Newton has been so much in demand as a harpist with, variously, The Shee, Spell Songs and Karine Polwart — not to mention her own solo career which includes the excellent Here’s My Heart Come Take It — that it was unlikely lockdown would slow her down. She retreated to her wardrobe to record this new album dealing, broadly, with the experience of women in traditional song.
Besides Hemans, other poets from the 18th and 19th centuries are reworked: Susan Coolidge, Anne Hunter, and the songwriter Carolina Oliphant (Lady Nairne), who preserved her anonymity throughout her life and revealed her authorship only to other women. The melodies to which Newton sets their words dovetail with the older tunes of “Maid By the Shore” and “Two Sisters”: “I’ll be true to my love”, she sings in a murmur on the latter, “if my love will be true to me . . . ” “The Early Morning”, a version of “False-Hearted Knight”, simmers with triumphant viola arpeggios as its heroine outwits a murderer.
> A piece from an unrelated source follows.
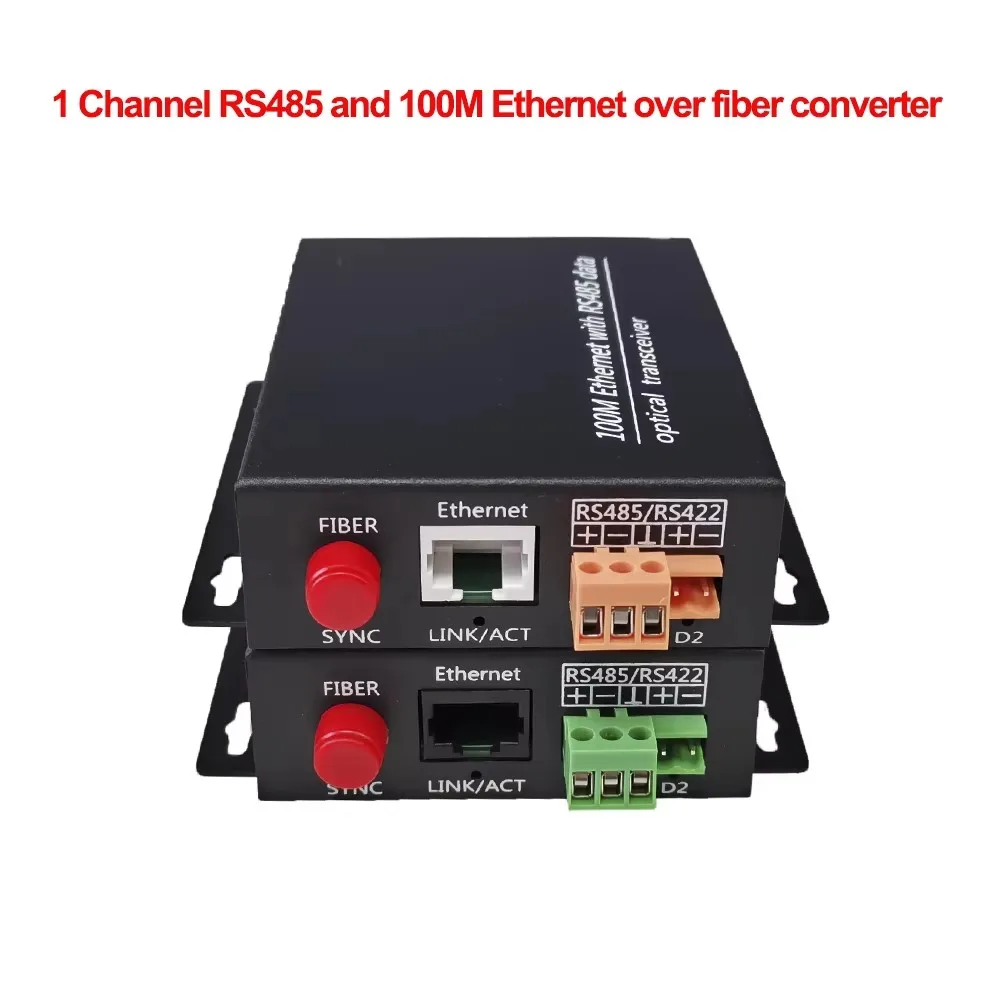 Convertidor de medios Ethernet sobre fibra de 100Mbps de datos 485 dúplex completo de 1 canal, FC/UPC 20KM 12V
The waulking song “Chaidil Mi A-Raoir Air An Airigh”, a tale of a woman harassed while longing for her lover, rattles along with a drum rhythm like the slapping of tweed and a repeated Gaelic refrain that rises out of the harp patterns.
The quality of the recording, bright and clean, belies its homemade creation. Contributions from the other musicians, including Lauren MacColl on violin and viola and Mikey Owers on a range of brass instruments — notably an underwash of bass trombone — betray no hint of being patched in after the event. MacColl duets with Newton on the improvised “I Will Go”, her violin phrases answered by Newton’s harp; the counterpoint improvisation, “Life and Light”, sees Owers set out an argument on the flugelhorn that is curtailed just before it reaches a conclusion.